> [Task to carry out] Starting at the line containing "Prisustvovao Minić: Svečano" and ending at the line containing "Building Photo - 1071 Lipan St", print every line of the material below exactly, both ends included, and stop there.

> [Data provided]
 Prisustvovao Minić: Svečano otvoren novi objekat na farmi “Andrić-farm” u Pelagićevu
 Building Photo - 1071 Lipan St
---
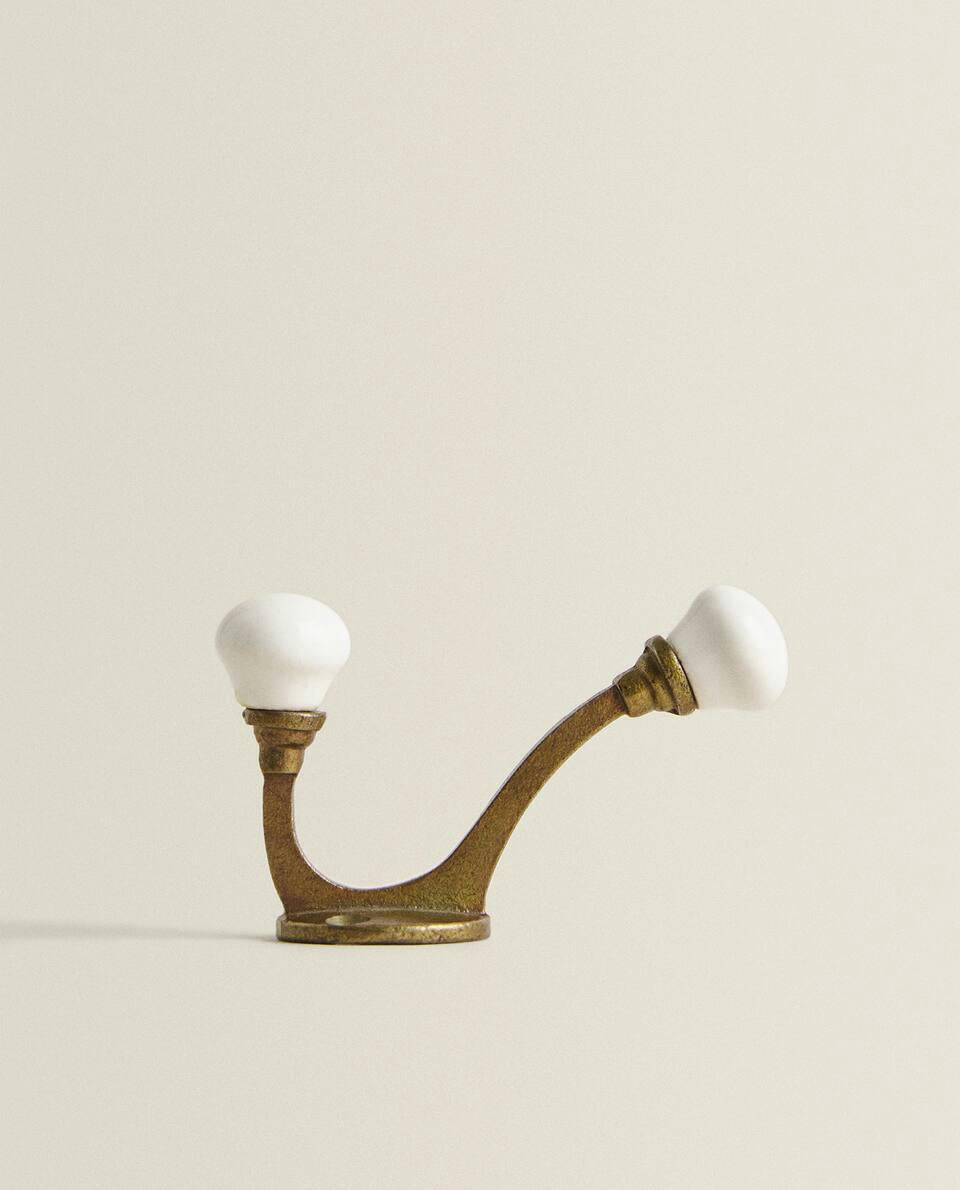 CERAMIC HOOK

> [Your solution]
 Prisustvovao Minić: Svečano otvoren novi objekat na farmi “Andrić-farm” u Pelagićevu
 Building Photo - 1071 Lipan St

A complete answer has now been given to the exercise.